For local businesses, LocalBusiness and Organization schema are vital for establishing entity authority. This data feeds directly into Google’s Knowledge Graph and Google Maps. It confirms your business’s physical address, phone number, operating hours, and official social media profiles, reducing the risk of your business information being conflated with a competitor’s.

3. Event and Job Postings

Google maintains dedicated, highly structured interfaces for job boards and local events. These interfaces operate almost entirely on structured data. If you run a job board or event platform, omitting JobPosting or Event schema will completely exclude your pages from these specialized search widgets.

4. Video and Recipe Search

Recipes and videos rely heavily on visual grid systems in Google Search. VideoObject and Recipe schema allow Google to display cooking times, calorie counts, video runtimes, and thumbnail previews. Without this structured data, your rich media content is highly unlikely to surface in these interactive search features.

How to Pivot Your SEO Strategy for the AI Era

If over-engineering your schema markup is no longer the key to winning search visibility and AI citations, where should you direct your time, budget, and resources? The answer lies in optimizing for human clarity, entity authority, and high information gain.
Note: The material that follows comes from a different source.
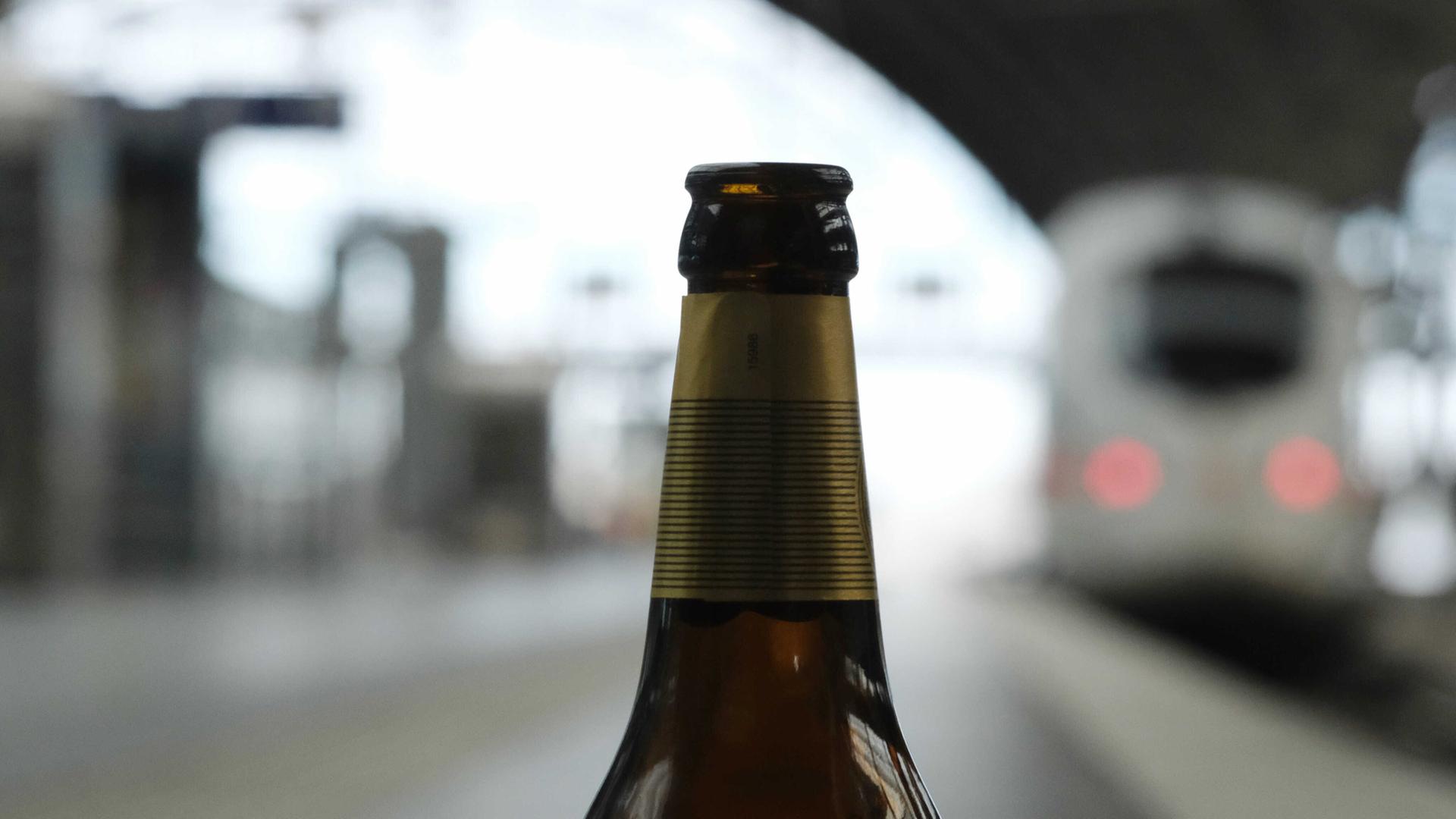 Eine leere Flasche Bier steht an einem Bahnsteig Eine leere Flasche Bier steht an einem Bahnsteig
1. Prioritize Clean Semantic HTML

Stop relying on code-heavy solutions to explain your content to search engines. Instead, design your pages with pristine semantic HTML. Use clear, nested heading structures (H1, H2, H3) that logically break down your topic. Utilize native HTML lists (<ul>, <ol>, <li>) for step-by-step guides and clean data tables (<table>) for comparative data. AI search crawlers can parse structured HTML tables and lists much faster and more reliably than complex custom JSON-LD.

2. Write with “Information Gain” in Mind

AI search engines summarize existing web content. If your article simply repeats the same information found on ten other websites, an AI has no reason to cite your page. Focus on “information gain”—providing unique insights, original research, expert quotes, first-party data, or case studies that cannot be found elsewhere. AI engines value unique data points and are highly likely to cite the original source of a novel stat or expert quote.
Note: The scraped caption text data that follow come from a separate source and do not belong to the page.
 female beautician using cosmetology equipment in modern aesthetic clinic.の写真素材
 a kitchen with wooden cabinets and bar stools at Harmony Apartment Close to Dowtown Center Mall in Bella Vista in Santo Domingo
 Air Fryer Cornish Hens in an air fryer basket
3. Build Strong Entity Connections

Instead of relying solely on Organization schema to tell Google who you are, build your brand’s footprint across the web. Seek coverage in reputable publications, maintain active and authoritative social media profiles, and ensure your brand name is consistently associated with your specific niche. When search engines crawl the web and find your brand consistently mentioned alongside industry topics, they construct strong entity associations in their knowledge bases, which naturally leads to more AI search citations.
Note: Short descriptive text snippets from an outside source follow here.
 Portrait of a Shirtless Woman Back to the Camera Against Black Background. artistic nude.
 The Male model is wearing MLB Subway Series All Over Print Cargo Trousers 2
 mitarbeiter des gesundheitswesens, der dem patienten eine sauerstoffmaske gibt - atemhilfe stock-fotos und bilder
4. Keep Schema Simple and Automate Where Possible

Do not waste valuable developer resources manually writing custom schema for every blog post or article. Use standard CMS plugins (like Yoast, RankMath, or built-in Shopify frameworks) to automatically generate basic Article, Breadcrumb, and Organization schema. Ensure it is error-free, but do not spend hours writing intricate nested schemas that offer diminishing returns.

Conclusion: Quality Content and Natural Architecture Win

The removal of FAQ snippets and the fresh insights from Ahrefs’ research mark a healthy evolution in the search industry. The era of hacking search visibility through code manipulation and schema stuffing is coming to an end. Search engines have grown smart enough to read our websites the way humans do.

Moving forward, the websites that win in both traditional organic search and the generative AI ecosystem will be those that prioritize user experience, natural language clarity, and unique, high-value information. Schema remains a helpful tool for specific transactional and local contexts, but the true driver of visibility in the age of AI search is—and will continue to be—unquestionable content quality and clear semantic site architecture.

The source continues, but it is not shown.